▶ _SOURCE DATA_
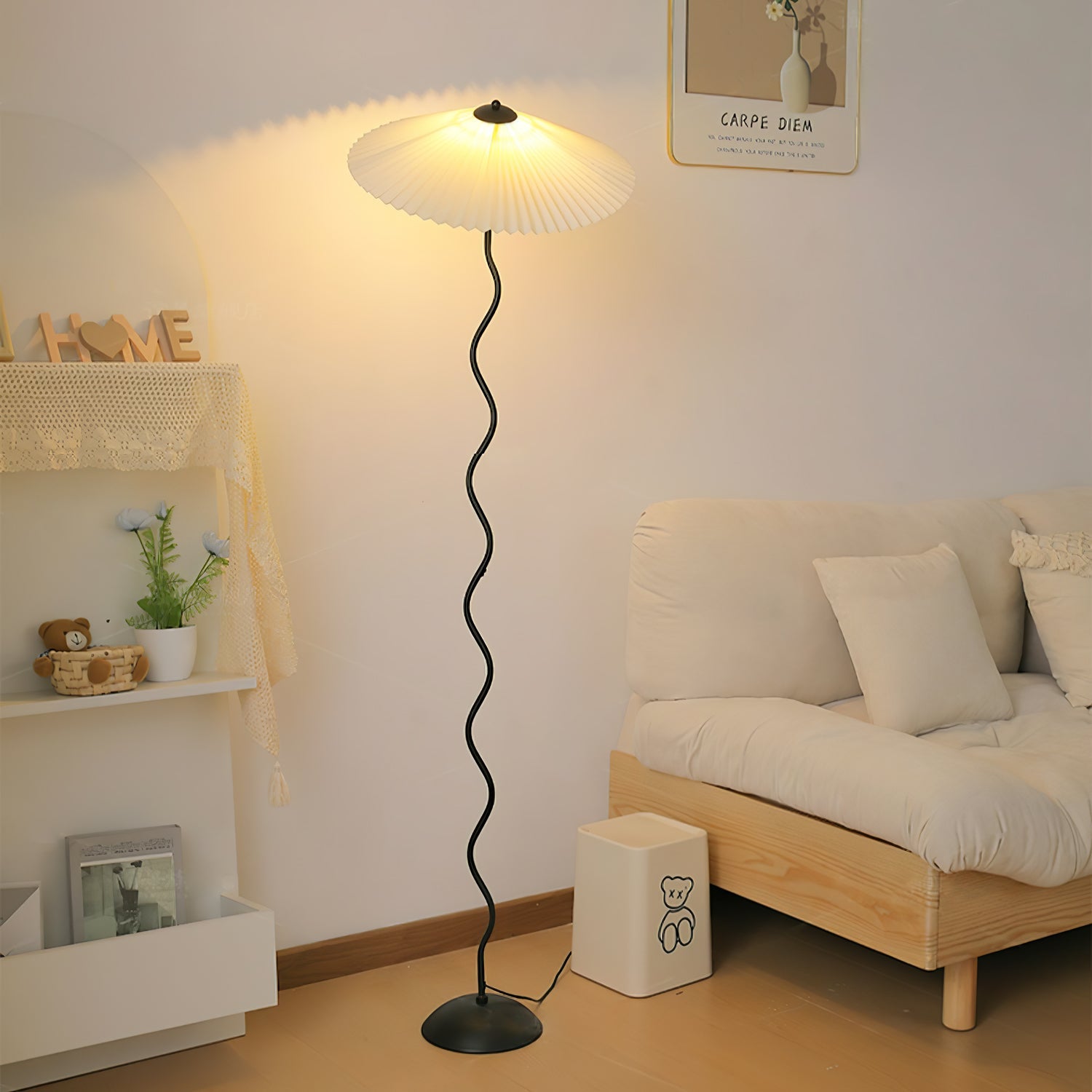 Maiandros - Black Metal Floor Lamp
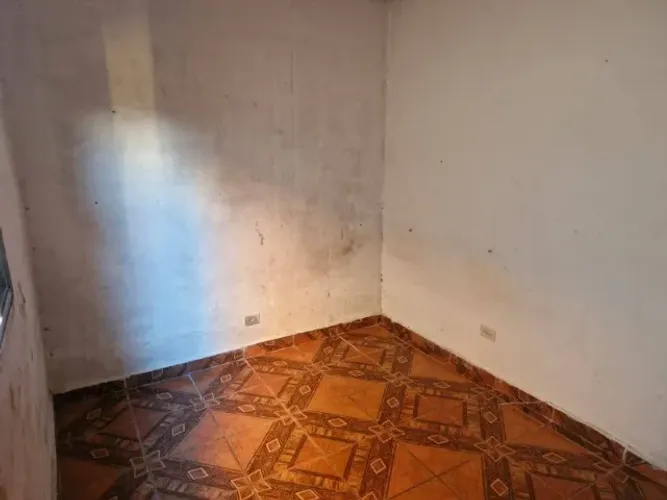 Vende se casa com 2 dormitórios, cozinha e banheiro, lavanderia e garagem , próximo aos co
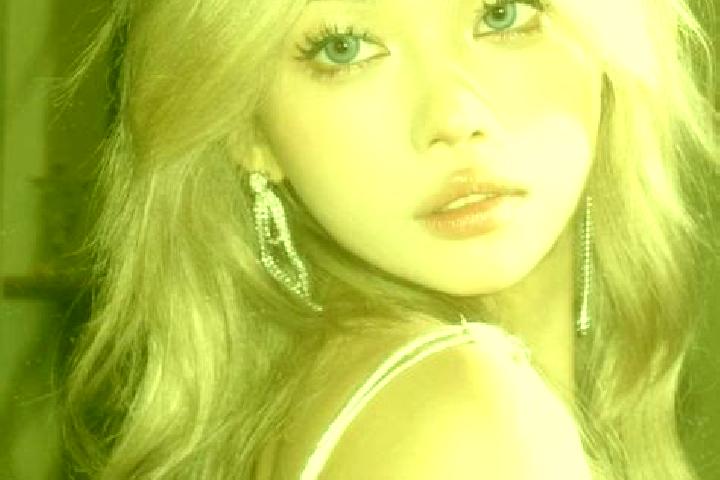 Riley, 21, a platinum blonde amber-eyed asian companion based in Hovmantorp. Offering Roleplay, BDSM, Dinner Date. Available for incall and outcall, overnigh...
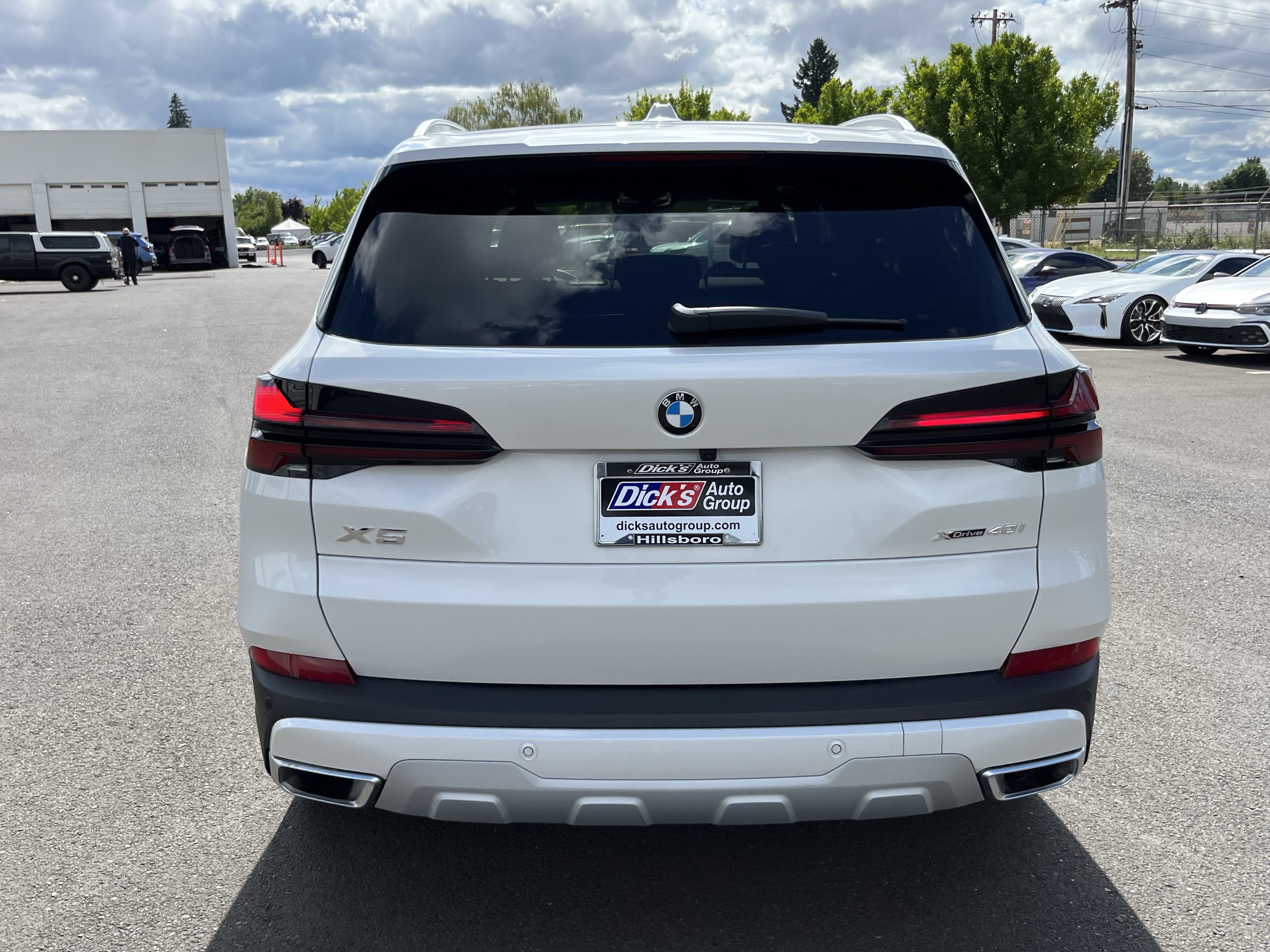 Used 2026 BMW X5 xDrive40i w/ Premium Package AWD/4WD image 4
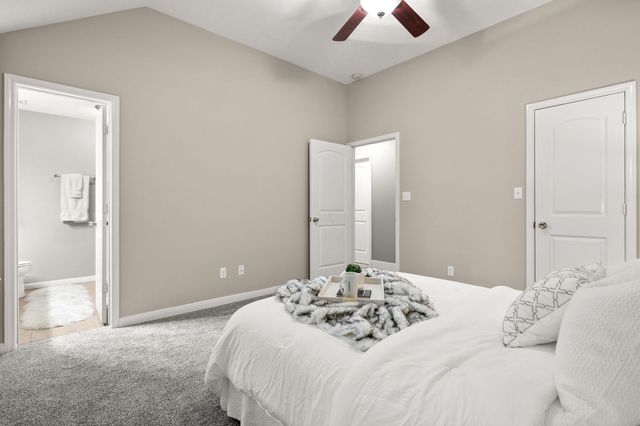 10668 Royal Magnolia Drive, Conroe, TX 77303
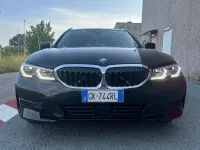 Usata BMW 320 Sport Line 163 CV (119 kW) 2022 Black sapphire metallic Station wagon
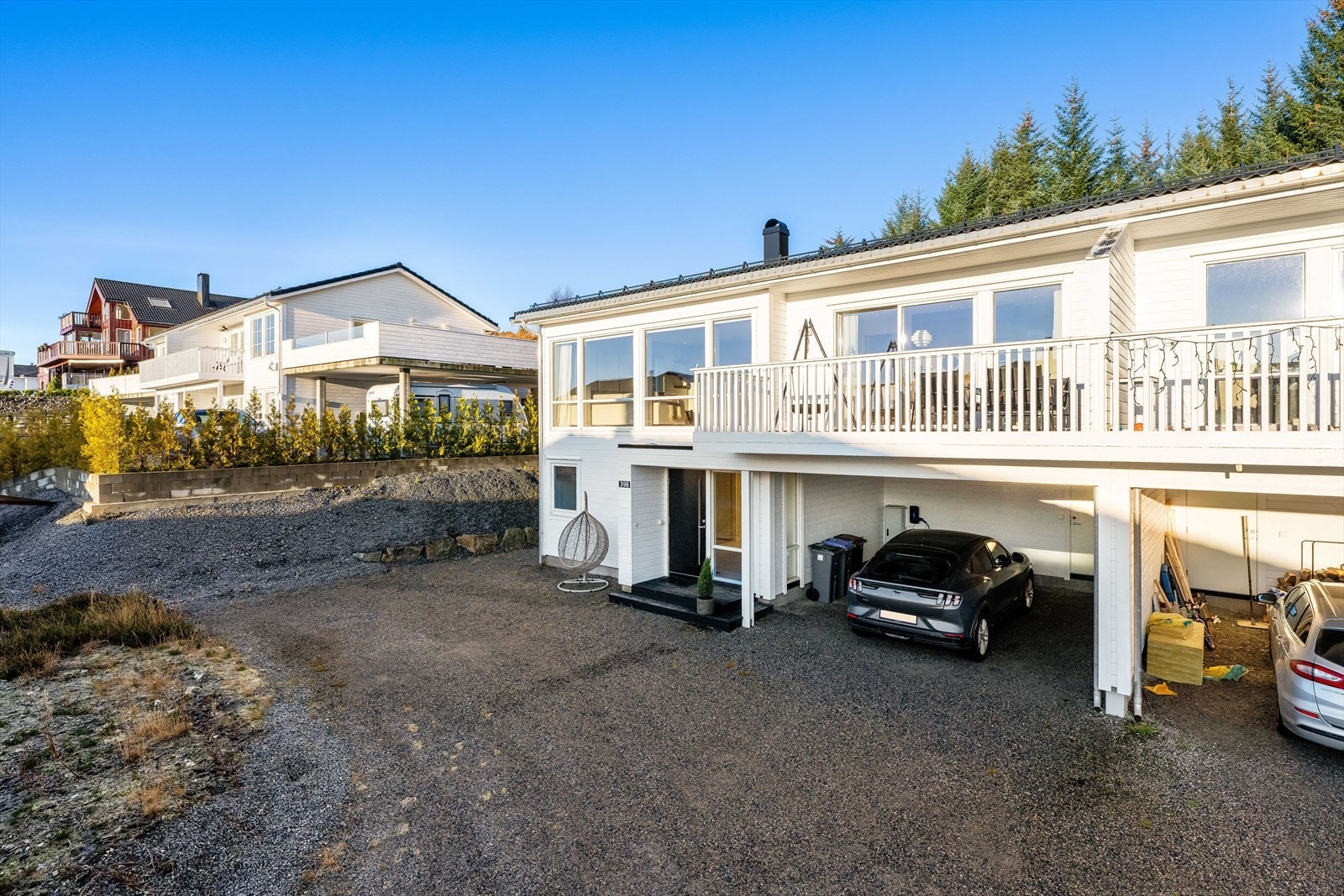 God biloppstillingsplass på utsiden av huset Galleribilde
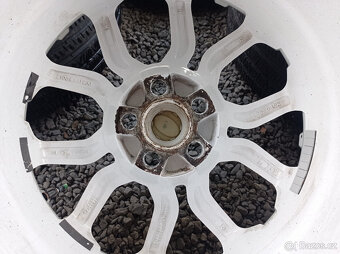 5x108 alu 8Jx18 ET45 z vozu Land Rover alu disky - 12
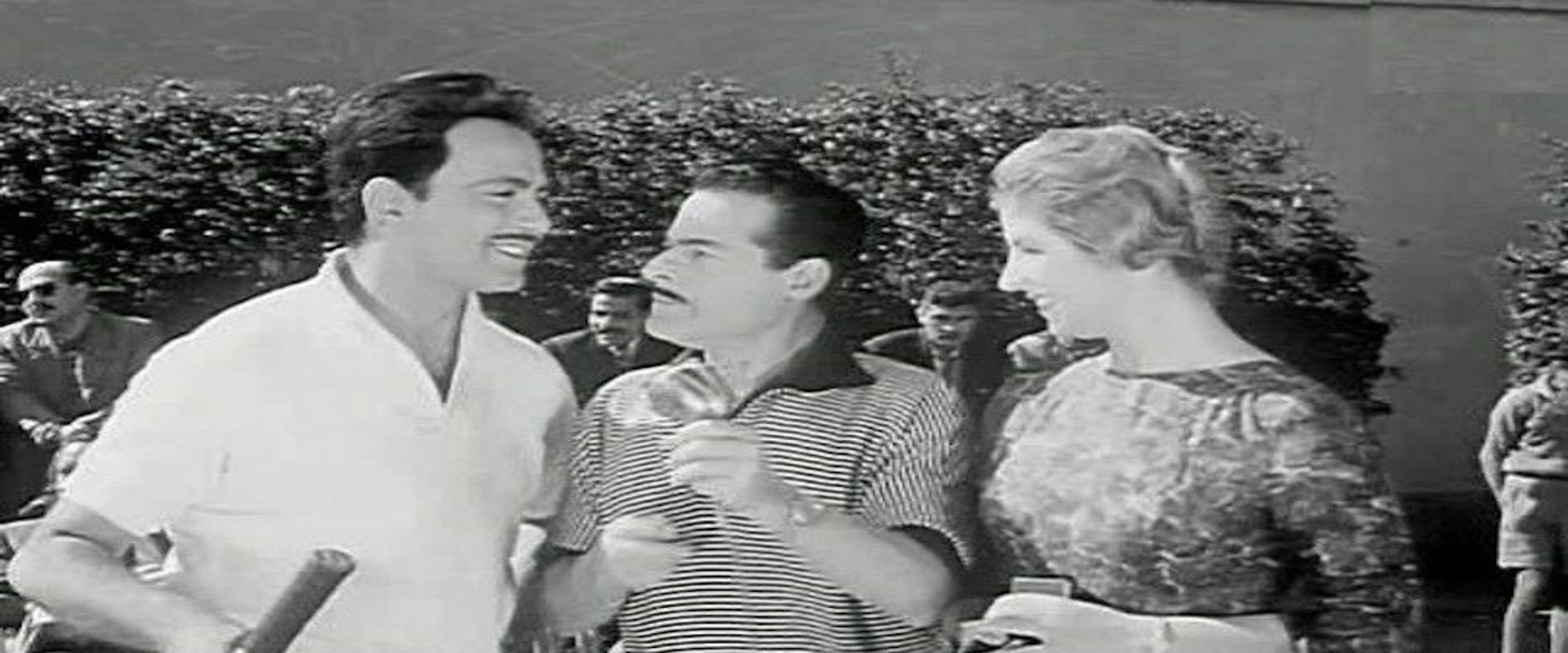 3 Men and a Woman backdrop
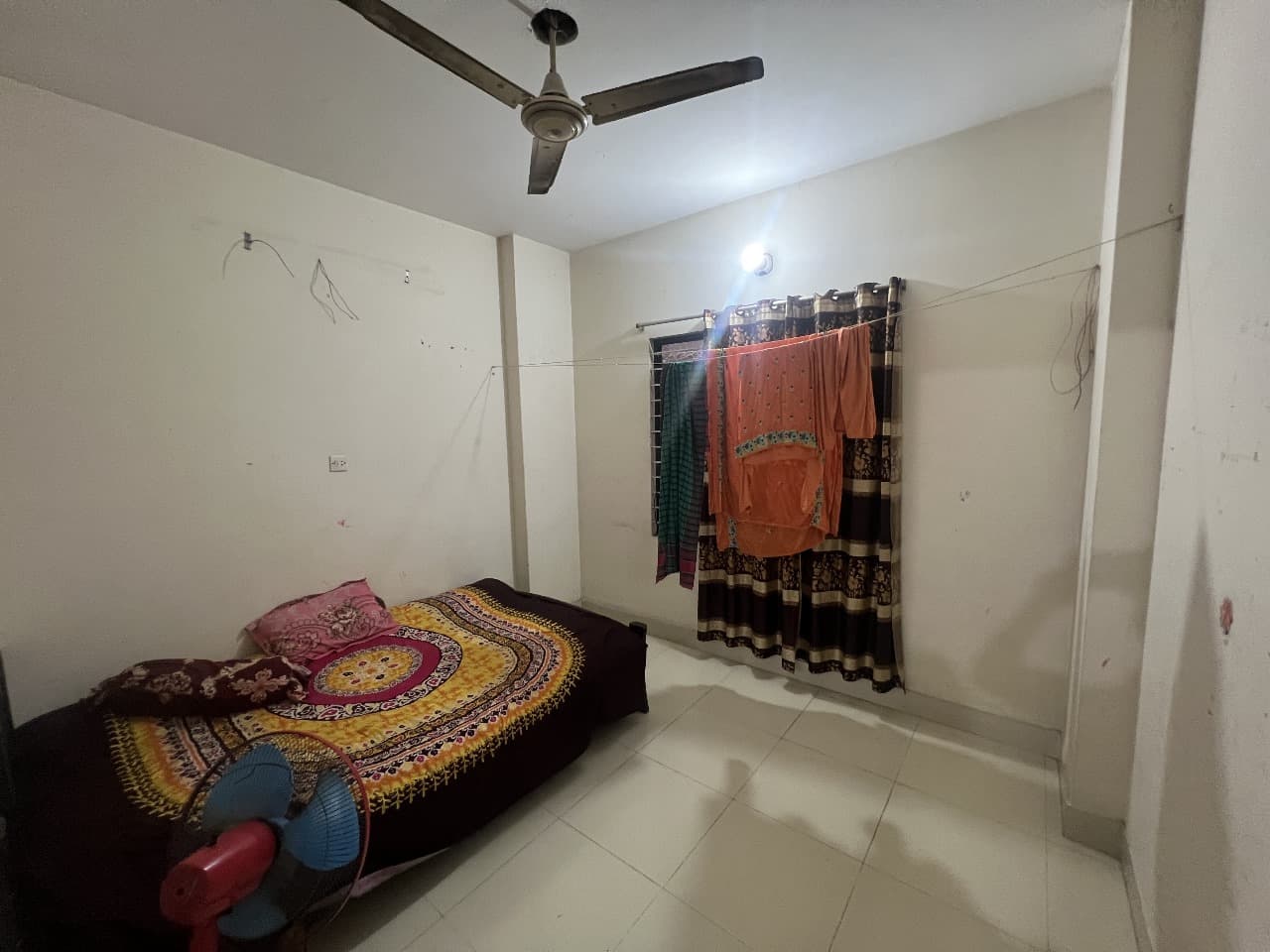 Flat rent in Mohammadpur tajmohol Road from October month.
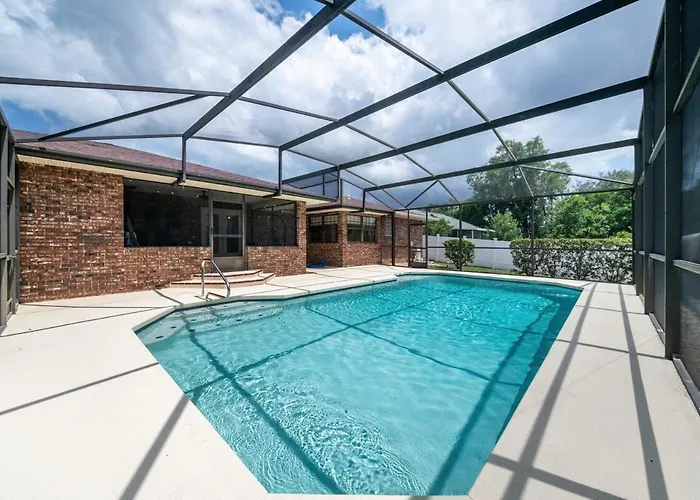 4Bd & 2Bth Near Daytona And New Smyrna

▶ _PROBLEM DETAILS_
Set the lines down exactly as they stand, from the one containing "5x108 alu 8Jx18" through the end of the listing, omitting every picture.

▶ _EXPECTED OUTPUT_
 5x108 alu 8Jx18 ET45 z vozu Land Rover alu disky - 12
 3 Men and a Woman backdrop
 Flat rent in Mohammadpur tajmohol Road from October month.
 4Bd & 2Bth Near Daytona And New Smyrna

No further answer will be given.